AUGUSTA, Maine (AP) — Despite uncertain forecasts for northern New England, utilities, emergency responders and storm-tested residents took steps Saturday to be ready for a powerful storm as Hurricane Sandy moved up the East Coast.
"I think the general theme is there were so many lessons learned from Irene, the people know how to make storm preparations," said Capt. Chris Gookin of the Vermont National Guard, referring to the tropical storm that devastated much of the state last year. "Preparations have become more or less everyday business, rather than a run on stores."
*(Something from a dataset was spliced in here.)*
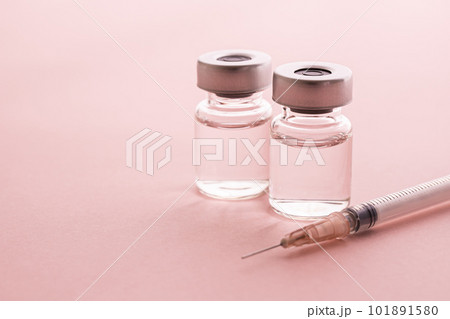 ピンクの背景に注射器とバイアルのメディカルイメージ素材 101891580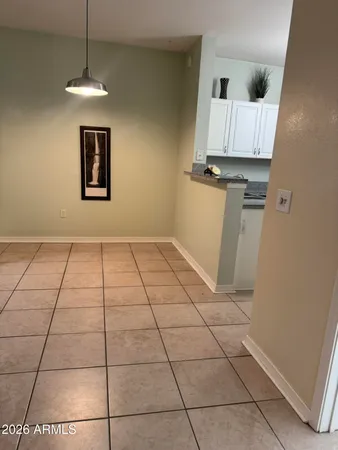 a view of a livingroom with wooden floor and a window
Throughout the three states, people brought in outdoor furniture, bought supplies and tried to keep up-to-date on the latest track of the storm, knowing it could hit with Irene's ferocity or become a glancing blow when it combines with weather systems moving in from the west and from Canada.
In Maine, lobsterman Greg Griffen of Cape Elizabeth wasn't taking any chances. With the benefit of a long calm before the storm, Griffen said, he spent Friday moving 100 of his traps to deep water from shallower seas, where they are more vulnerable to shifting and damage.
Some weather reports suggested the storm would turn inland south of Cape Cod, easing the blow to northern New England, while other forecasters "said they have never seen a late October hurricane behave like this," Griffen said.
"Some of my competitors have been pulling their traps and taking them right home," he said, adding that the more dire weather predictions "sort of encouraged them to pull the plug on the season."
In New Hampshire, customers were snapping up sand bags and sand, batteries, flashlights and other storm supplies, said Ed Howe, a clerk at Rand's Do It Best Hardware Store in Plymouth. "We sold a couple of generators too."
The threat of the storm caused President Barack Obama's re-election campaign to cancel a rally featuring first lady Michelle Obama on Tuesday.
New Hampshire's largest utility was calling its customers to remind them to prepare for power outages that could accompany the hurricane early next week. Public Service Co. of New Hampshire made calls Friday to customers who are on medical support devices or are otherwise especially vulnerable when power outages occur, and it planned to make similar calls to all customers over the weekend.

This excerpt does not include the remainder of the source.